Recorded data
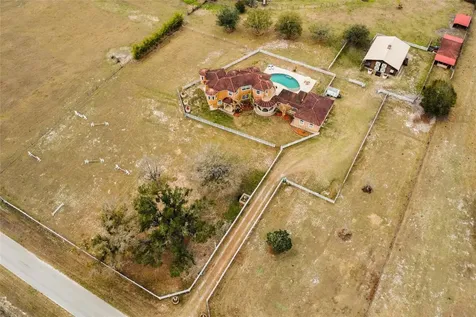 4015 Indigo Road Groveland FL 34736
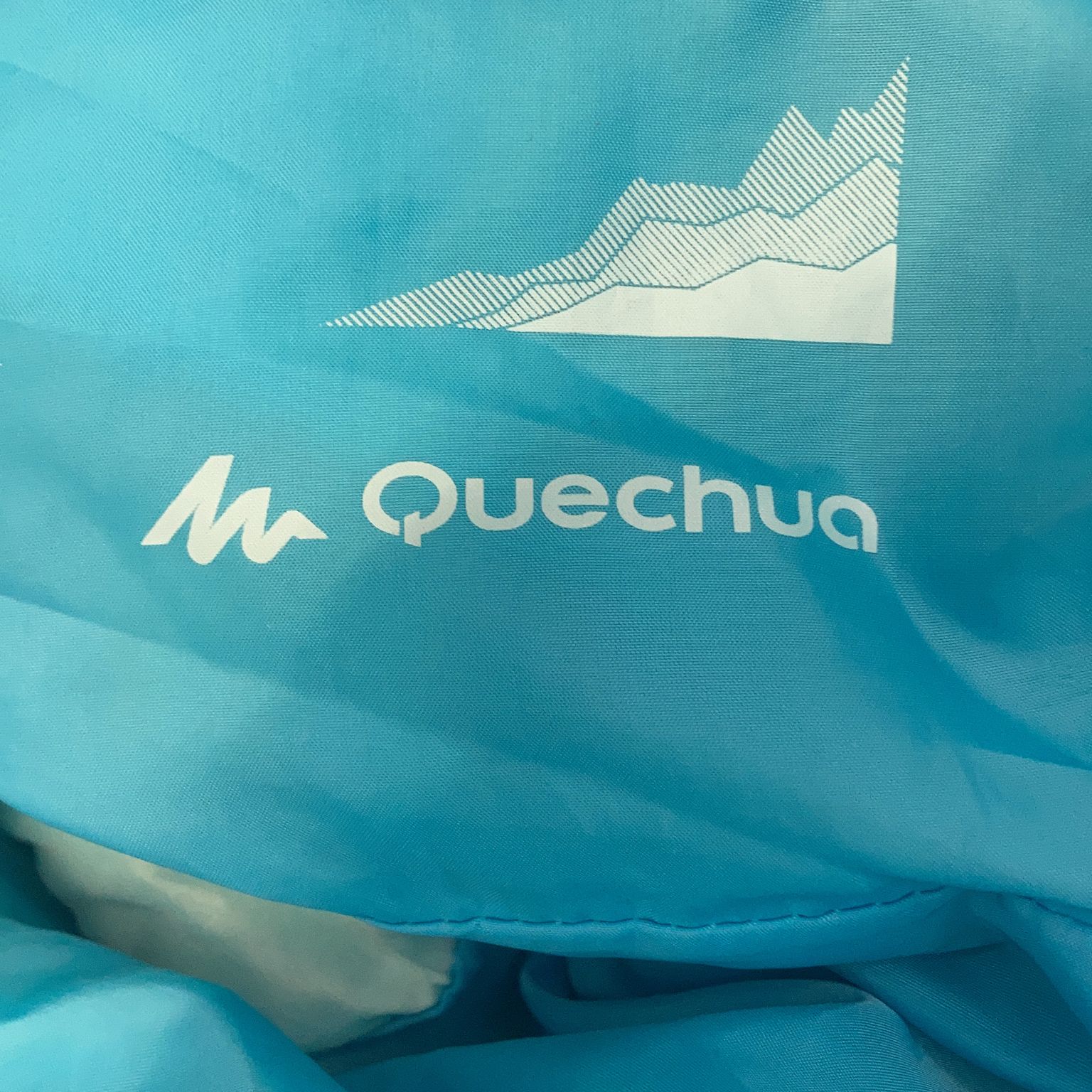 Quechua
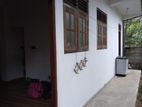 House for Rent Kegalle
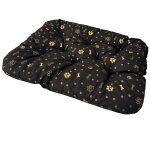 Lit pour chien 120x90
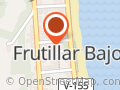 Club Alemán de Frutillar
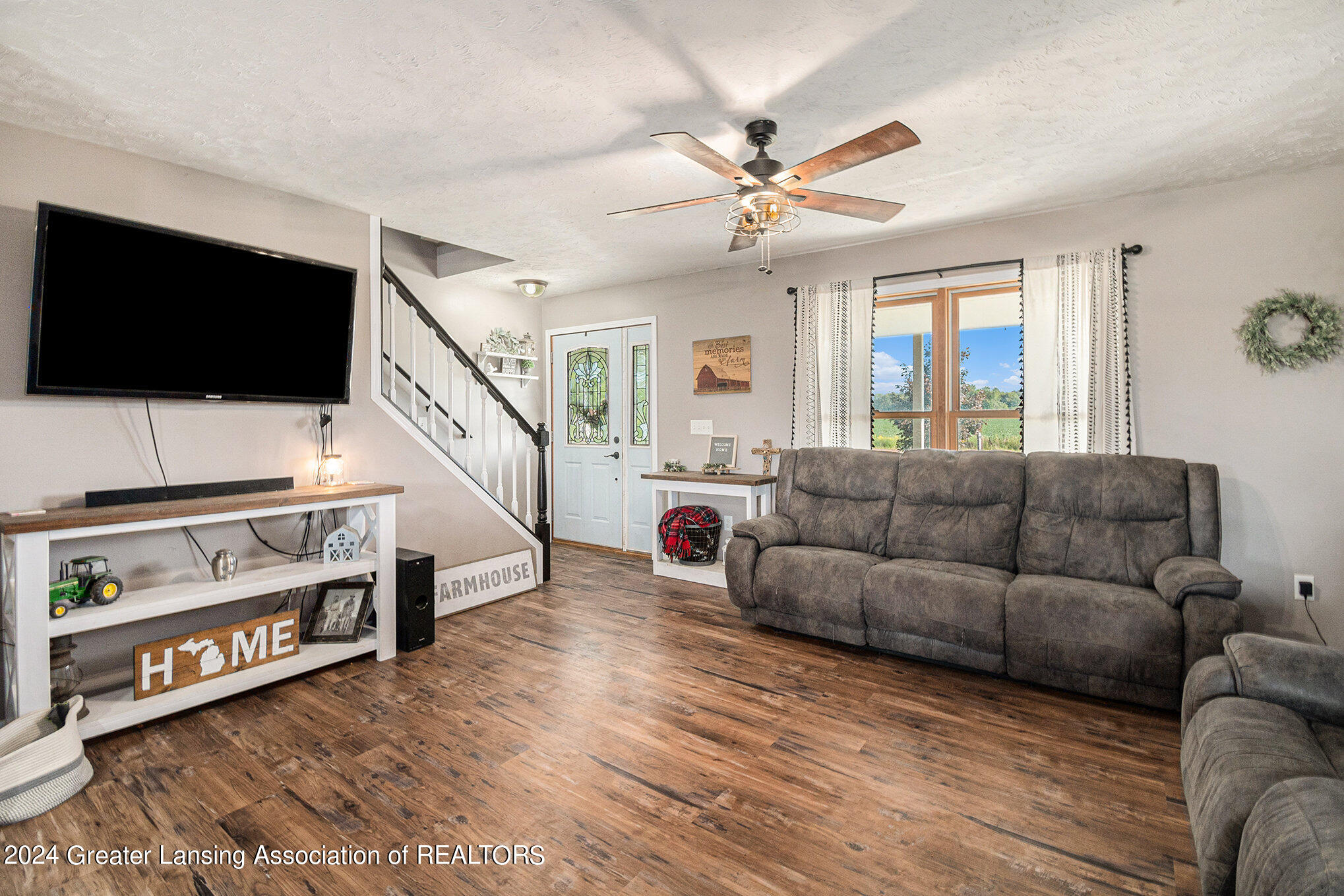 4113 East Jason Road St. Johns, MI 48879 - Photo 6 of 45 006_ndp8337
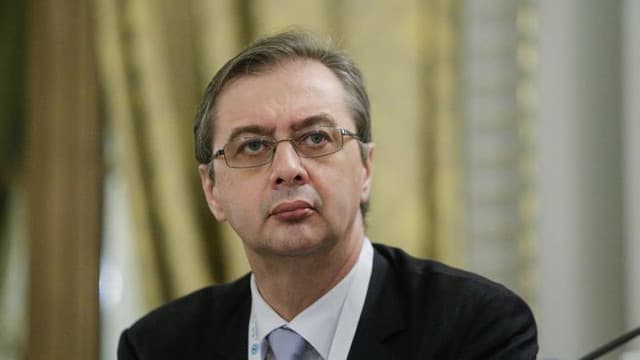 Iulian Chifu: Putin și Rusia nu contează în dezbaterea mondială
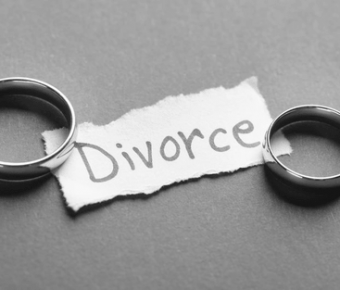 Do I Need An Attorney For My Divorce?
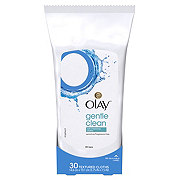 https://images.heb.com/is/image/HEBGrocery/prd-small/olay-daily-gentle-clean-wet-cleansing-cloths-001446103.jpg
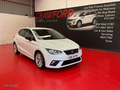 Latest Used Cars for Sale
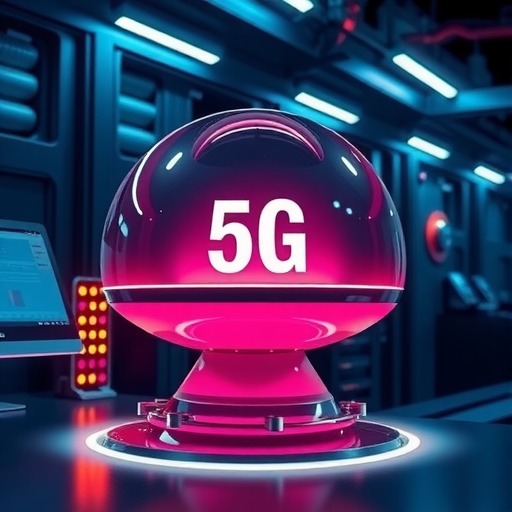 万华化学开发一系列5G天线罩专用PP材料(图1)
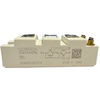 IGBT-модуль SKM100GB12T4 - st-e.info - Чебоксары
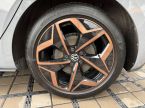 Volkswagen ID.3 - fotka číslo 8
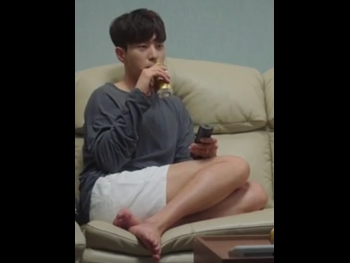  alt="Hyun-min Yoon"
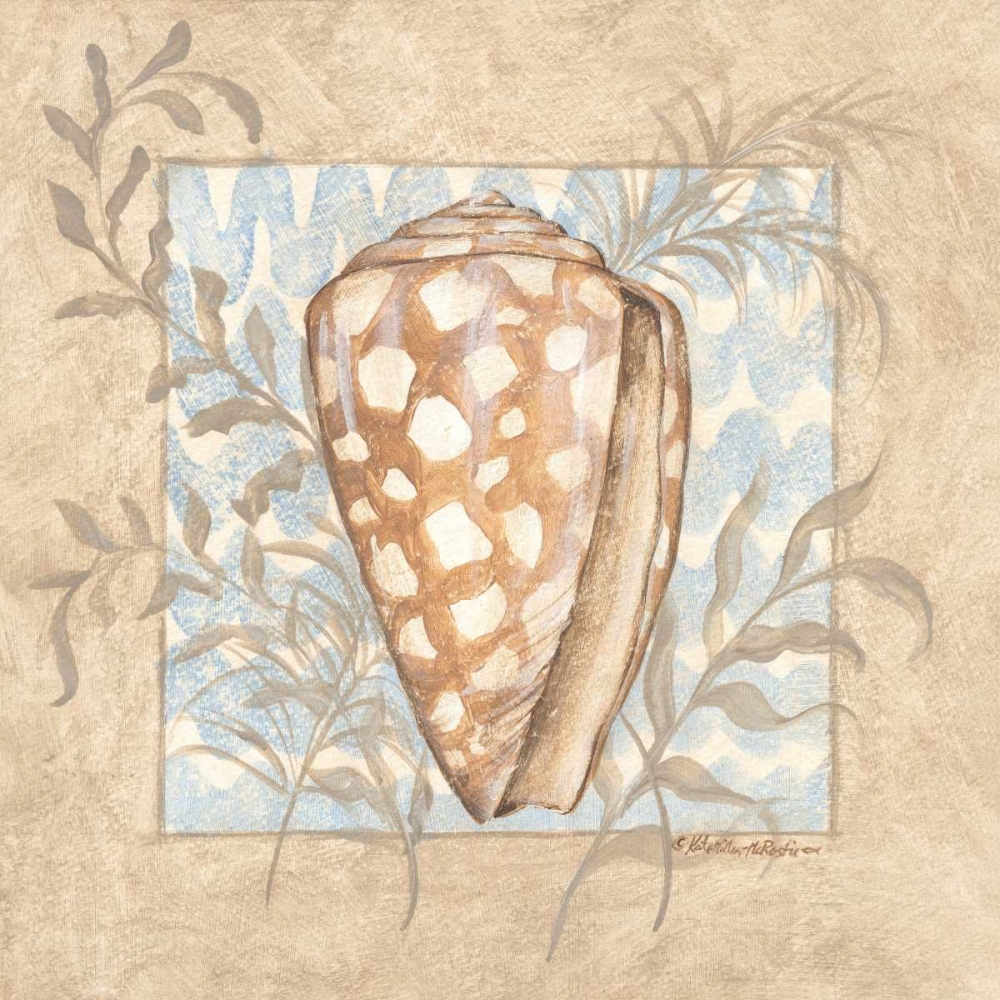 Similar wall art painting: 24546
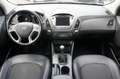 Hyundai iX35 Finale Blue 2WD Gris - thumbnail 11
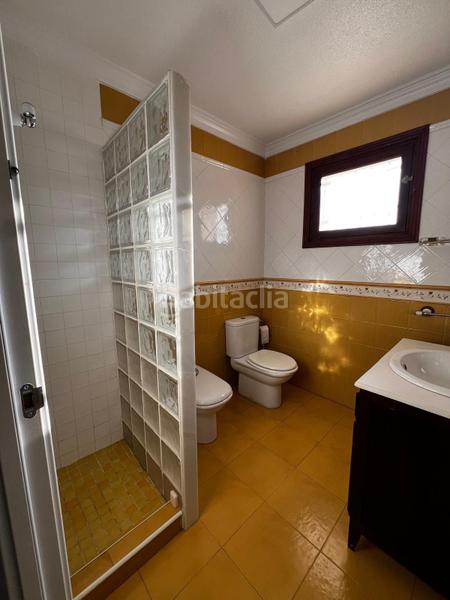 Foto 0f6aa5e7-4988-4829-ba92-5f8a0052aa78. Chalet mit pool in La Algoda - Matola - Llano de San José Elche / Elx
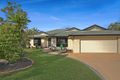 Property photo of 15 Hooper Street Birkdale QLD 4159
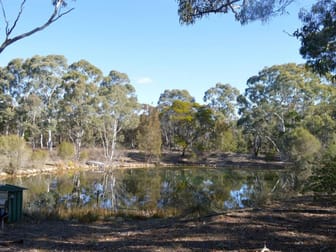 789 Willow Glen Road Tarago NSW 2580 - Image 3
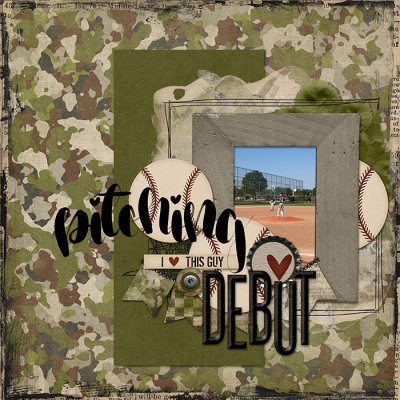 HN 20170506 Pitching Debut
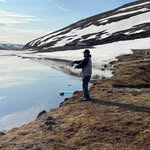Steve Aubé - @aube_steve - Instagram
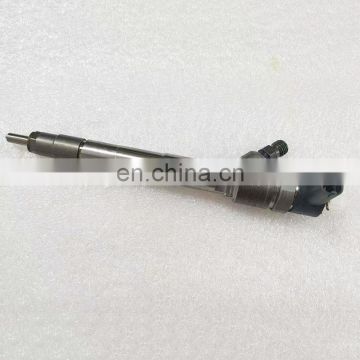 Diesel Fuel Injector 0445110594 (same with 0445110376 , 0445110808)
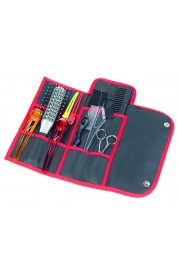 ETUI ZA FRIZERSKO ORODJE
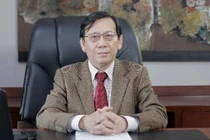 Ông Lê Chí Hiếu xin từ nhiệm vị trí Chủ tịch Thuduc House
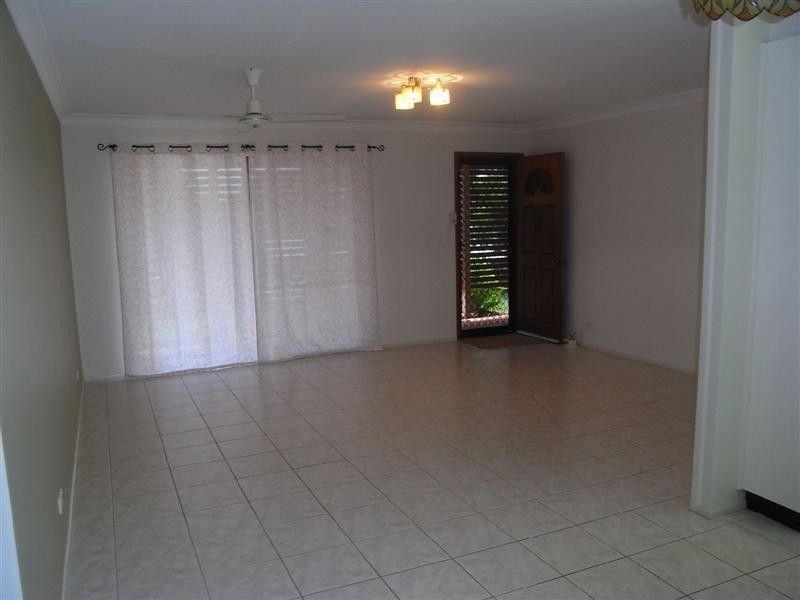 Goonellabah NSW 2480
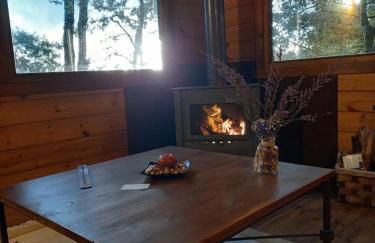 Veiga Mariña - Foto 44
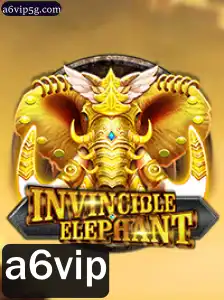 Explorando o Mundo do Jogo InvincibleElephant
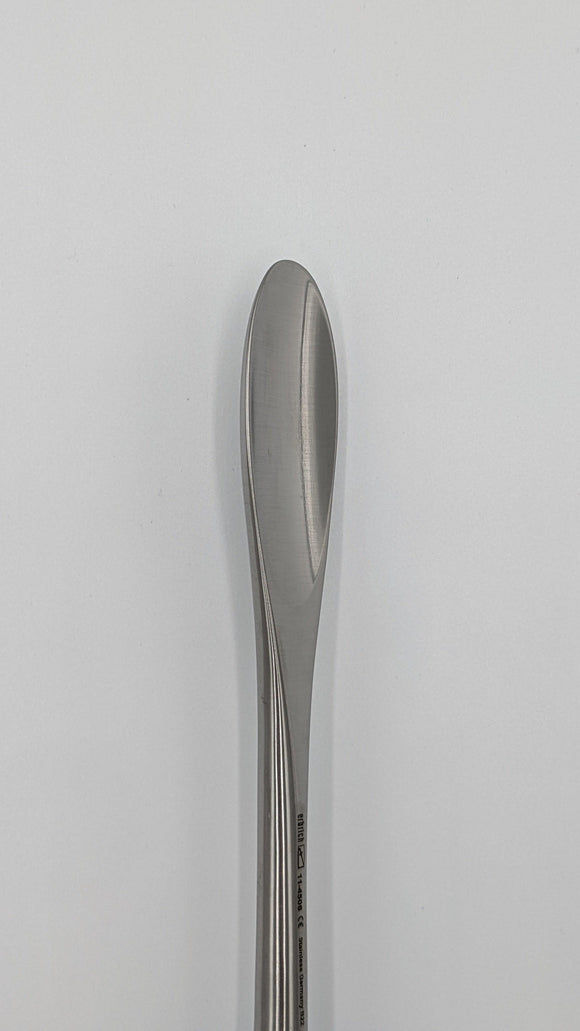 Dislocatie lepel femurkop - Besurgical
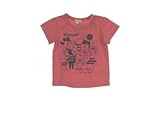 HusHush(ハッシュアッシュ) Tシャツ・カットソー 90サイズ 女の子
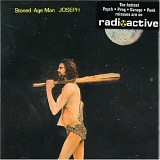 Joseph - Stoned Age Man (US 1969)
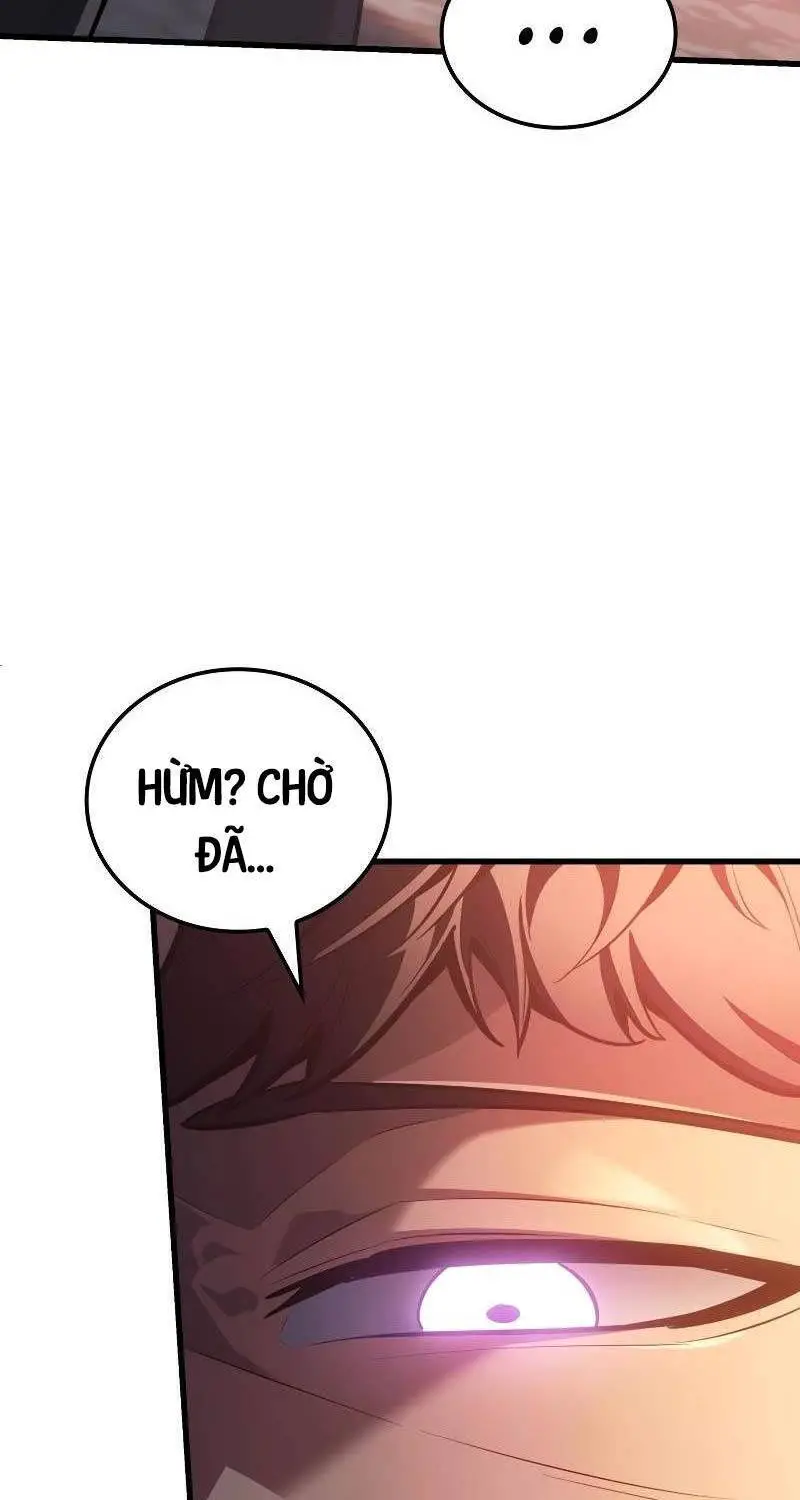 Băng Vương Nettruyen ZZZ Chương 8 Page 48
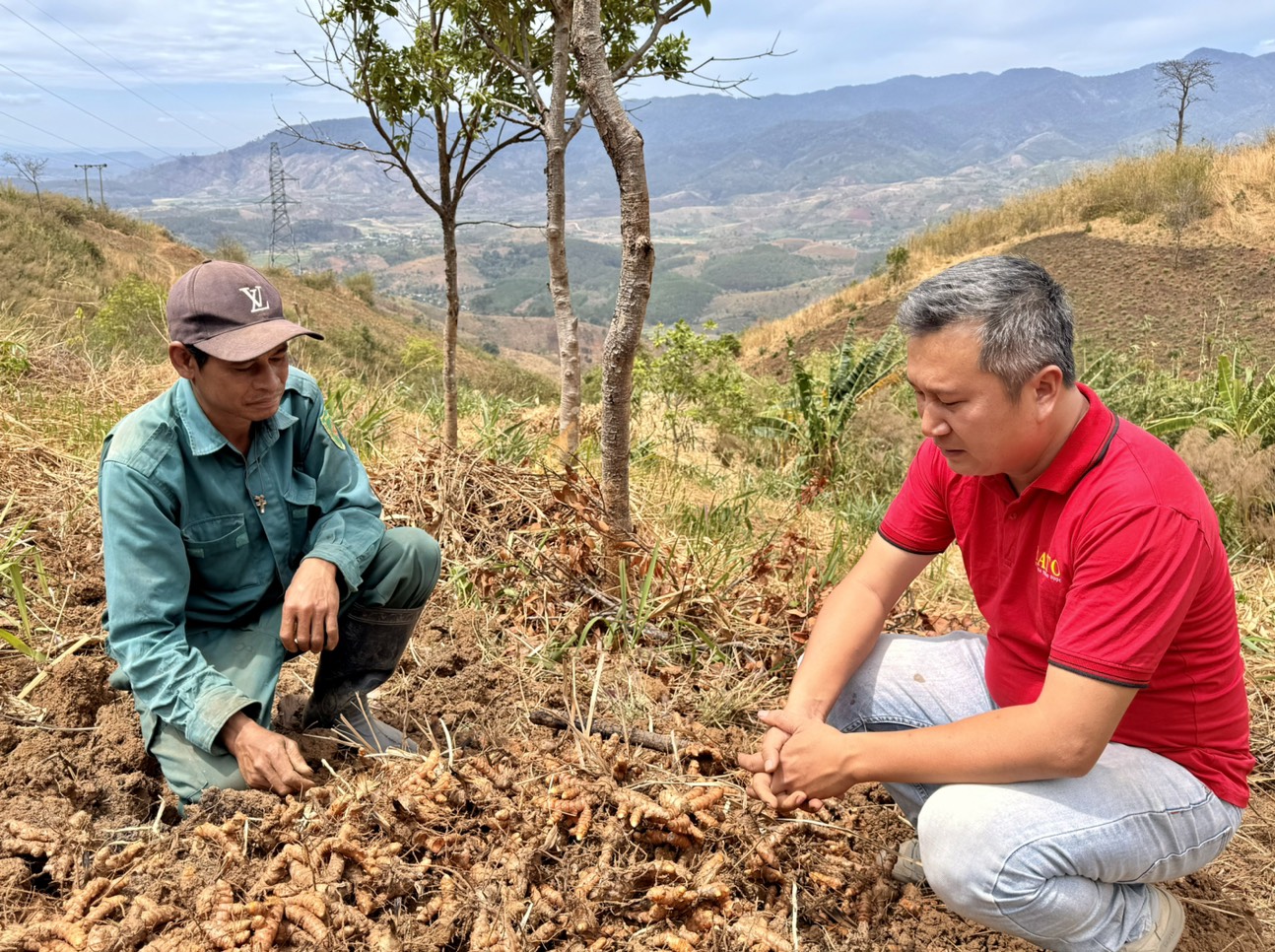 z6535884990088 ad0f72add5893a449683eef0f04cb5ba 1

> **Work item**
A faithful copy is needed of the lines from the one containing "Explorando o Mundo" through the last line of the data above, with pictures left out.

> **Output for this exercise**
 Explorando o Mundo do Jogo InvincibleElephant
 Dislocatie lepel femurkop - Besurgical
 HusHush(ハッシュアッシュ) Tシャツ・カットソー 90サイズ 女の子
 Joseph - Stoned Age Man (US 1969)
 Băng Vương Nettruyen ZZZ Chương 8 Page 48
 z6535884990088 ad0f72add5893a449683eef0f04cb5ba 1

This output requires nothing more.